The mortgagee is entitled to protect the value of its security. It can take action against a mortgagor by enforcement of the mortgage or by court injunction to prevent damage to the property. It may take possession or appoint a receiver for a period to protect the security, provided, as is likely that there is a breach of the mortgage conditions.
Where something happens in the course of a mortgage which jeopardises the security, the terms of the loan agreement or mortgage deed should be reviewed. The mortgage deed should be tailored to the type of security so that the lender has the most appropriate types of rights.
Rights to Protect Security II
A court will generally restrain actions and dealings by the mortgagor in breach of the mortgage. The mortgagee may take action where the mortgagor is damaging the physical security. This might include mining, dumping of waste cutting of timber or other action which is prejudicial to the value of the security. This action may be restrained by court order.
Generally, court protection may be necessary to protect against action which interferes with the secured assets or which might potentially jeopardise the security. What is appropriate will depend on the nature of the asset. It is not possible to set out all the circumstances where this could apply, A common sense view of action which undermines the value of the security should be taken.
A mortgagee is entitled to all additions to the property such as buildings, fixtures, and improvements They accrue for the mortgagee’s benefit. The mortgagor cannot generally dispose of, break, damage or destroy them.
Protective Clauses
The mortgage deed will generally set out detailed covenants and obligations on the part of the mortgagor which are designed to protect the security. See our chapter in relation to covenants in mortgage deeds. There will typically be specific provisions in relation to the following;
- the obligation to keep the property repair; in default the lender may be entitled to enter do the works and charge the cost;
- not to damage the property;
- in development loans, obligations to complete the development;
- to maintain proper insurance and do nothing to jeopardise the policy;
- insure if the mortgagor neglects to do so;
- not to do or allow anything which renders void the insurance policy;
- notify insurance claims;
- pay ground rents, service charges;
- comply with all title conditions;
- notify enforcement by head landlords;
- notify any adverse local or central government legal action e.g. compulsory acquisition enforcement of legislation breach;
- pay compulsory purchase acquisition monies;
- notify litigation and claims in relation to the property;
- prohibitions on leases, lettings and sharing possession without consent
- no further mortgages or charges without consent
- not to permit of acquisition of easements without consent
The types of clauses should reflect the type of property and the circumstances. Breach of the covenant will entitle the mortgagee to accelerate the obligation to pay the full loan and exercise its enforcement options. This will give the lender the opportunity to make the mortgagor “come to the table” and deal with it in relation the issue that has arisen.

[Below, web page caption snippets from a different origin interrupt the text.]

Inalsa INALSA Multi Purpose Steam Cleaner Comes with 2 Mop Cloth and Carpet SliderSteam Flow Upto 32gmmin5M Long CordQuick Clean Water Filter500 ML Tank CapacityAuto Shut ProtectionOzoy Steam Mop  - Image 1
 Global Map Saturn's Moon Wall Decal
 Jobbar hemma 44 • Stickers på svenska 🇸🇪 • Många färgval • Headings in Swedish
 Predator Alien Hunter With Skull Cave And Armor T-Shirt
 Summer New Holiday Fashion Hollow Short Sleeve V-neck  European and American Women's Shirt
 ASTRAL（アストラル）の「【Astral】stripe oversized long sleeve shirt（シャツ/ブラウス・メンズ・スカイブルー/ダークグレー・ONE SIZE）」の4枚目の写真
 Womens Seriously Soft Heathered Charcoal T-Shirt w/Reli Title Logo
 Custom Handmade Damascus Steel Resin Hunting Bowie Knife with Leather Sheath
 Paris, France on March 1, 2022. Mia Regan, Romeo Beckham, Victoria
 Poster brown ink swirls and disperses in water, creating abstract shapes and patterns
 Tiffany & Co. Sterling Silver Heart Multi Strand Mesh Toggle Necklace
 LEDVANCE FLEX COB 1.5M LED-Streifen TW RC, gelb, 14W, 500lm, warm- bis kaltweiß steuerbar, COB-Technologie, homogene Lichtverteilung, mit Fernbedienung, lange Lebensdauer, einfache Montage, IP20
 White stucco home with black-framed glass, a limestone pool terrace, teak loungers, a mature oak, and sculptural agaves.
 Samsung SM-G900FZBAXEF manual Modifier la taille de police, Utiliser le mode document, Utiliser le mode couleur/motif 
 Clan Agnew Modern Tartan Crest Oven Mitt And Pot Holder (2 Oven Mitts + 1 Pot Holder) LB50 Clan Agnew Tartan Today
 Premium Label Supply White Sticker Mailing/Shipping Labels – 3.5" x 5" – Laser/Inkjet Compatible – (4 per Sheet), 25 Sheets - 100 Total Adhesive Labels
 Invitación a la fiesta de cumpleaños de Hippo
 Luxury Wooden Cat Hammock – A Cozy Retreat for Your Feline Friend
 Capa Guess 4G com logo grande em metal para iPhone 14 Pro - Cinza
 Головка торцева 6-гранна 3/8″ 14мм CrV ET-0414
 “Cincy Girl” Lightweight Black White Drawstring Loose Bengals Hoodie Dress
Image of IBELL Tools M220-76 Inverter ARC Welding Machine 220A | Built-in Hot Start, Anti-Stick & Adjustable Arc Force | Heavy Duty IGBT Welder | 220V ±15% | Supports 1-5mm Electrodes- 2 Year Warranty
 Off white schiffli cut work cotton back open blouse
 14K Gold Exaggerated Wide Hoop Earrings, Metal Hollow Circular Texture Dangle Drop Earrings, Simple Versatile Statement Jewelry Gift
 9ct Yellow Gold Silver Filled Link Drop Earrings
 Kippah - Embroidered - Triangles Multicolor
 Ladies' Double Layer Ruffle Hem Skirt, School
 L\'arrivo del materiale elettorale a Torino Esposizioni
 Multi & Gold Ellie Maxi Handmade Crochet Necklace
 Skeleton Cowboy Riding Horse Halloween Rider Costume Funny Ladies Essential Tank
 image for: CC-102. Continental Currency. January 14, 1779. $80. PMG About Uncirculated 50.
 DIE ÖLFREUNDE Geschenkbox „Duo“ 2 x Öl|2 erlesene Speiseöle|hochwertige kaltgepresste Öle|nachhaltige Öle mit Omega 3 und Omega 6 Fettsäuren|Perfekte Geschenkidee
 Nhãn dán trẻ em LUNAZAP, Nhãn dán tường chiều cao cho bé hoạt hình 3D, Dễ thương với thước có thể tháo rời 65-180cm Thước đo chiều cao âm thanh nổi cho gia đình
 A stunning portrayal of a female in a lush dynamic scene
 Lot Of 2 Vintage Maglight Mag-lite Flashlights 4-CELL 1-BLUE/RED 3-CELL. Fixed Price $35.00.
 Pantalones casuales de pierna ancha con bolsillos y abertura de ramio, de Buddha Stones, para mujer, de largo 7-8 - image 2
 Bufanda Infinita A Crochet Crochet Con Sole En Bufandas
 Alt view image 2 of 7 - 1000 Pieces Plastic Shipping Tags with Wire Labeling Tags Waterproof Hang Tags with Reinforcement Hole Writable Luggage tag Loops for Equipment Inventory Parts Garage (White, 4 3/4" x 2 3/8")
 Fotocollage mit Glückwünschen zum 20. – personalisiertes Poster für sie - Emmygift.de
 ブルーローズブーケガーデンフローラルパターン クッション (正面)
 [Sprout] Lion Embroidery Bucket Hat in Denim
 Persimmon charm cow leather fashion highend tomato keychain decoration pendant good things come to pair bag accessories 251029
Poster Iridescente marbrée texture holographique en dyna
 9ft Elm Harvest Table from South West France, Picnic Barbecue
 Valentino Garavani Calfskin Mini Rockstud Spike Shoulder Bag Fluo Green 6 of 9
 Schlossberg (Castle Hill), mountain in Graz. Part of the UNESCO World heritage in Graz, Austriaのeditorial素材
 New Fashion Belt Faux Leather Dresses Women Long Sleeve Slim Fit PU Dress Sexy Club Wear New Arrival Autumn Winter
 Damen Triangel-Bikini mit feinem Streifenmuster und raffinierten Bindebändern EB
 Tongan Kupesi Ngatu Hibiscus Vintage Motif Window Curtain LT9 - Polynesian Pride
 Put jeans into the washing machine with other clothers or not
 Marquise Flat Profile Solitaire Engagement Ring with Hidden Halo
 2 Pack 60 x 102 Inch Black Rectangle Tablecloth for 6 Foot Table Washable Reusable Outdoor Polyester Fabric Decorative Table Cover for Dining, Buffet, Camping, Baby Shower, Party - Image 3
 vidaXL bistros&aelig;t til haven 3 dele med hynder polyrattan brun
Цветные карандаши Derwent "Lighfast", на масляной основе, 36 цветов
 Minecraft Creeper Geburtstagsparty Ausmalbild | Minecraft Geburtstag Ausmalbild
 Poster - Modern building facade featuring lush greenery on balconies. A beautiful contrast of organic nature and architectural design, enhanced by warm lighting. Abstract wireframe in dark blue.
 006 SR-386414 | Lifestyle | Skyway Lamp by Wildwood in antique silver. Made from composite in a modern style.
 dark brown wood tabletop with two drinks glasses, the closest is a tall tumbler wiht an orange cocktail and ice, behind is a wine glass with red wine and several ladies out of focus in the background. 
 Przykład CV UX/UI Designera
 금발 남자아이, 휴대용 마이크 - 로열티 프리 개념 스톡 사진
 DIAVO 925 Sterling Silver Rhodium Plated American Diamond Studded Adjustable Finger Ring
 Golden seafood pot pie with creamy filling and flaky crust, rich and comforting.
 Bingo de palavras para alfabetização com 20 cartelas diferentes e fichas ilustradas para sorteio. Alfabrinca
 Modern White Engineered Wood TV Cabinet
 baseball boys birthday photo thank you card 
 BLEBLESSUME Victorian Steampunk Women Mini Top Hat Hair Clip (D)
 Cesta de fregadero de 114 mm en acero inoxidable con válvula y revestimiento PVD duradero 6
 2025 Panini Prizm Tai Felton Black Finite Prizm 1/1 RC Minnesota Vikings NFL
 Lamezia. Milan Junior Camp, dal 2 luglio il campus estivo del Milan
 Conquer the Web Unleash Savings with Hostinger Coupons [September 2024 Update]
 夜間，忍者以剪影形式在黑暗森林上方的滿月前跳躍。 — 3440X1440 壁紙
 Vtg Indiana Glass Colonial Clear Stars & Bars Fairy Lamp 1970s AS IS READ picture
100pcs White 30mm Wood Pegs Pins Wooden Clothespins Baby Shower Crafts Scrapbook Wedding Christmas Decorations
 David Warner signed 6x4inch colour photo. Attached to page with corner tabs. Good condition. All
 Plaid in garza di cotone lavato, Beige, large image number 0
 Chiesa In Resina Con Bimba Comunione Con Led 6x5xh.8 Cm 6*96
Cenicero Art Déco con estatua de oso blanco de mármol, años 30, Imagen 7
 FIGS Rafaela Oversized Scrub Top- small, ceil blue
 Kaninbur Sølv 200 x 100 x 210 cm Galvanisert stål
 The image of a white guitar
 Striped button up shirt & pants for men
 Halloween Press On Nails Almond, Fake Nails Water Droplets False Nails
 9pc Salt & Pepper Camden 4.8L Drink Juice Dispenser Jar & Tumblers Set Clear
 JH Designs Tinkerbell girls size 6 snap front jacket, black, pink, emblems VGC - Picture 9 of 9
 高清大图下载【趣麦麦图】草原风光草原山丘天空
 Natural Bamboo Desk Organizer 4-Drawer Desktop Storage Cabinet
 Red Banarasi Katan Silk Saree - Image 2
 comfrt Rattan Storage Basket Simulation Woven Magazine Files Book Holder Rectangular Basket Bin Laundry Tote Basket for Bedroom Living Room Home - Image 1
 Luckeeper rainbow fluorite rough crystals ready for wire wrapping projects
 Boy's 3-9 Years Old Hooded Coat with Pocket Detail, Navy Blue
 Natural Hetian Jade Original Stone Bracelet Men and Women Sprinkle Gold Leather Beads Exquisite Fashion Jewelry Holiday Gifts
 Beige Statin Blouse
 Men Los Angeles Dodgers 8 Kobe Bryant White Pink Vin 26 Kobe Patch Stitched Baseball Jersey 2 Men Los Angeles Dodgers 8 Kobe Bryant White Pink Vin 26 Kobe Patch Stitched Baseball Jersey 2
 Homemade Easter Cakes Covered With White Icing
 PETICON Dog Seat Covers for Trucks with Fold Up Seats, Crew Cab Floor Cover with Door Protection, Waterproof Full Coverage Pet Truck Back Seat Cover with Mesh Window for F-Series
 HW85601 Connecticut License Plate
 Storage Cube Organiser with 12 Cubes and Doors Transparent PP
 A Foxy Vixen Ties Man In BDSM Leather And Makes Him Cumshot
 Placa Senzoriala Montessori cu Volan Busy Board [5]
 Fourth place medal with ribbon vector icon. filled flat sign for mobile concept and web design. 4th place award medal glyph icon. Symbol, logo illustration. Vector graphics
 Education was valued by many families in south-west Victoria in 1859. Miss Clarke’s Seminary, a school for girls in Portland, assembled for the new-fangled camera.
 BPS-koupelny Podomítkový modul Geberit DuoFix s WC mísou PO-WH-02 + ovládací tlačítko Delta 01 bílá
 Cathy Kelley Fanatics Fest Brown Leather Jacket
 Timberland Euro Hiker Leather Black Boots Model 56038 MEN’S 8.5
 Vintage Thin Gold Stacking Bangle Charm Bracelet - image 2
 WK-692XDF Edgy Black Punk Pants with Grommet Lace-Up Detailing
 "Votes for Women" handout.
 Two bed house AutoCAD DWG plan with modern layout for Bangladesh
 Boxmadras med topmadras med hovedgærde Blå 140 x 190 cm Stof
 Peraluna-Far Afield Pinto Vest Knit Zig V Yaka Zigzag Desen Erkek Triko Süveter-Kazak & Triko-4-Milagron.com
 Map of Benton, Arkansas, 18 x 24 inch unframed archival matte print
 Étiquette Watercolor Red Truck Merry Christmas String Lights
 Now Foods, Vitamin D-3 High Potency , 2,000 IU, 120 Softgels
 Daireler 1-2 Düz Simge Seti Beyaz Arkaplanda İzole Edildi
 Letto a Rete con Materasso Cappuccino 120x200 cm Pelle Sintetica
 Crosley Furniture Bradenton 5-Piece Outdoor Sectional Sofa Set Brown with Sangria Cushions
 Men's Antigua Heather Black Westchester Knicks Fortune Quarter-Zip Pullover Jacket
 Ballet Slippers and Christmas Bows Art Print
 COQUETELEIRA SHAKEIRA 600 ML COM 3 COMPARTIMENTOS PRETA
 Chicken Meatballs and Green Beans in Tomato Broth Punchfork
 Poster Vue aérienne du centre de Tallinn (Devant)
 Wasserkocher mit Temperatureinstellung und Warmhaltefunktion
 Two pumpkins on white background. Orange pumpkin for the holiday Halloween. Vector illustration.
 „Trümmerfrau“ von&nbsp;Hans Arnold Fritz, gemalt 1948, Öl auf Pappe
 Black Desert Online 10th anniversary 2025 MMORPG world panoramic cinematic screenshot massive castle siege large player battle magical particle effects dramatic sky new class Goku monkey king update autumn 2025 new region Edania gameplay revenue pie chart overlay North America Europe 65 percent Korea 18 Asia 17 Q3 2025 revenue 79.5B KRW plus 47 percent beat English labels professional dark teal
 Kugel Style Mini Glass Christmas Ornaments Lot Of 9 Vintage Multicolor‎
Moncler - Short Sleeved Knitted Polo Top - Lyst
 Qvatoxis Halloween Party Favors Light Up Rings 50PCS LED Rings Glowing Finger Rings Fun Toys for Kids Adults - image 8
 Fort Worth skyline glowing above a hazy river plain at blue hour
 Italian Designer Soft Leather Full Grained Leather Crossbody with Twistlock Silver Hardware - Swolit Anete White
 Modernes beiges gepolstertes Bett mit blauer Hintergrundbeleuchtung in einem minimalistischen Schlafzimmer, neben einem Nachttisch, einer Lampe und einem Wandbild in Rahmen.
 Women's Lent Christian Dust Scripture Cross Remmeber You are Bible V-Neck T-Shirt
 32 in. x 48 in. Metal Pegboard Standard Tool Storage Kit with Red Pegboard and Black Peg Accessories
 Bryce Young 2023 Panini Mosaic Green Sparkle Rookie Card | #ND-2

The solution may involve remediation of the problem, the provision of extra security, payment of compensation monies to the lender (e.g. an insurance claim, CPO compensation, sales of part). It allows the lender the practical option of further securing its position if other security is available. If no solution is reached, the mortgagee may appoint a receiver or take possession to protect its position.
Cross Security
Generally a default on one loan agreement will trigger default on other loan agreements with the lender or with other lenders because of cross default clauses. A default may have adverse consequences across the borrower’s portfolio of assets. On the other hand, a cross default may allow the opportunity to negotiate on all loan agreements with the borrower.
It may be that another property is held as security for all sums due or collateral security under the loan. If not, then it may be appropriate to ensure or confirm that they are cross secured so that both assets are available. The cross default may give the opportunity to amend the loan agreement or mortgage to ensure that this is the case.
Sometimes, borrowers are party to loans agreements with spouses, relatives and business partners on one loan agreement while being a sole borrower or having different partners on another loan. Generally each borrower is jointly and severally liable on the whole of each facility. This means that each borrower can be personally sued for the whole of the loan monies which can be recovered from any one of them. It is then a matter for that borrower to pursue his partners for a contribution of his appropriate share. Some partnership loan facilities, particularly investments organised by third parties are not joint and several and may be “limited” recourse.
Cross Default
It may be that the security on another facility with the lender is already available because there has been a cross-default and that facility is “all sums due”. If there are other partners on that facility, then the borrower’s share of the equity only, is available, unless the other owner’s consent.
If there is cross default and cross security with a facility on a family home, then there may be limitations on the right to secure further advances to which a non-owning spouse has not given specific prior written consent.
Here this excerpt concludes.